The International Fluid Power Society provides training and certification for nearly every facet of fluid power expertise. Although they don’t provide university degrees in fluid power, they have the educational resources to prepare students and employees for their certification exams. The certifications achieved give employers and customers the peace of mind knowing the person whom achieved the qualification has a minimum level of education and understanding in the sub-field of fluid power spelled on the certificate.
IFPS provides certifications for mechanics, technicians, designers and engineers in the sub-fields of industrial hydraulics, mobile hydraulics, pneumatics and electronics, to name a few. One can achieve a certification of Certified Fluid Power Mobile Hydraulic Mechanic (CFPMHM), but if the similar certifications are achieved in pneumatics and industrial hydraulics, one will receive the Certified Fluid Power Master Mechanic (CFPMM) designation. The number of certifications is too vast to cover in a blog entry, but you can find more details here.

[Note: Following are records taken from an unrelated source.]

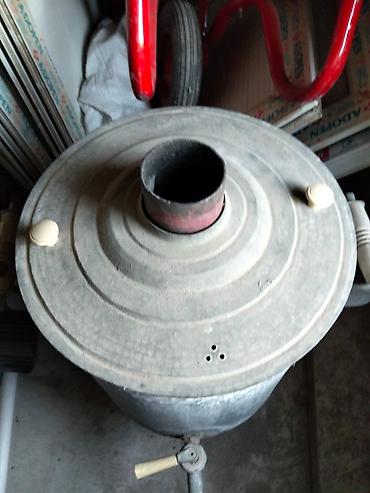 lenkeran samovar: Qədimi qalın 50 Lt Samovar 1200 azn satılır.Heç bir poblemi yoxdur — 3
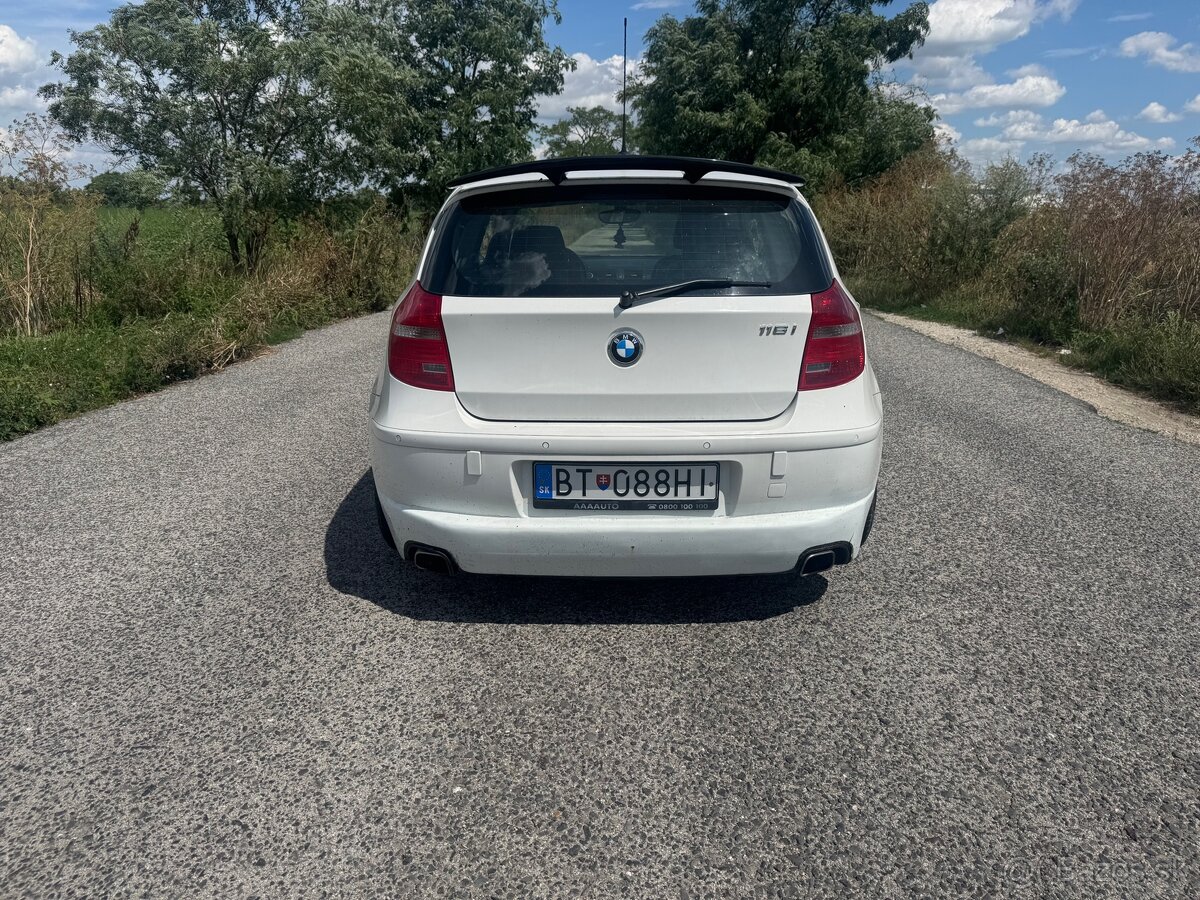 BMW e81 116i 90kW - 7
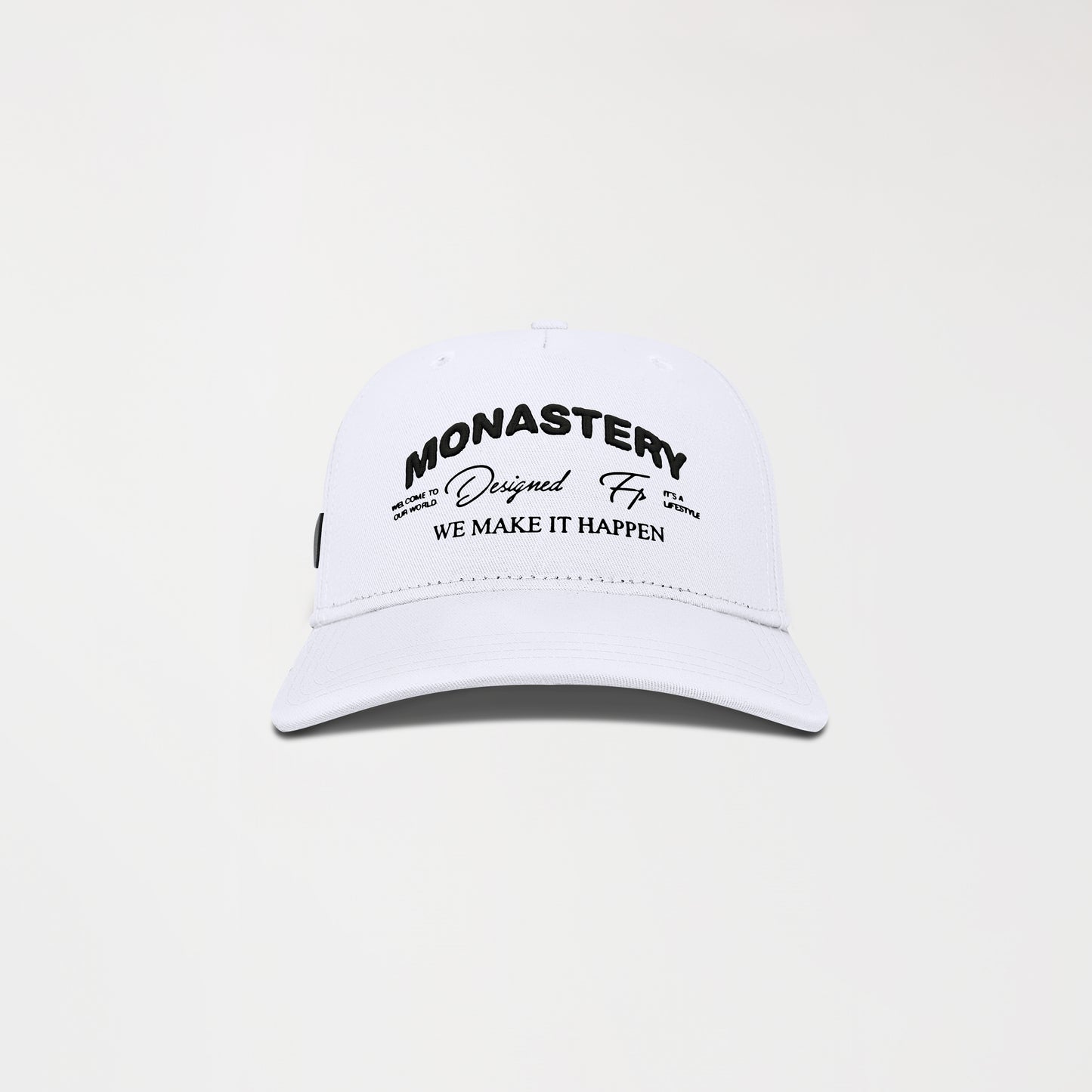 ELDRITH CAP UNISEX WHITE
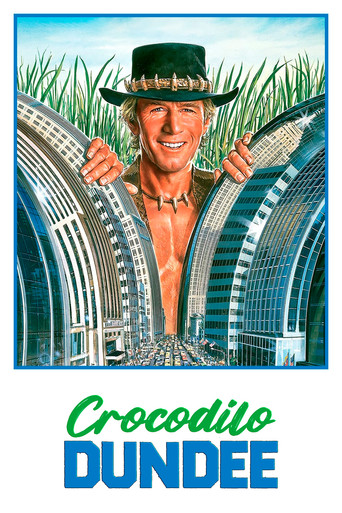 Assistir Crocodilo Dundee online dublado e legendado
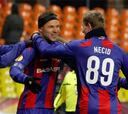 El CSKA sufre para seguir vivo en la Europa League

There appears to be an unfortunate generational gap of distrust between two schools of thought regarding IFPS certification, not unlike those whom think internet dating is for “losers” and those whom have met their soul mate on an internet dating site and don't care what others think (I am one of those losers … I met my wife online).
I have met many individuals who feel the IFPS certifications can be had through a Cracker Jack box and aren’t worth the paper they’re written on. Naysayers claim tests can be whizzed in minutes by any chimpanzee with pen. I wish I knew what one of the IFPS tests looked like from twenty years ago, but nothing could be farther from the truth.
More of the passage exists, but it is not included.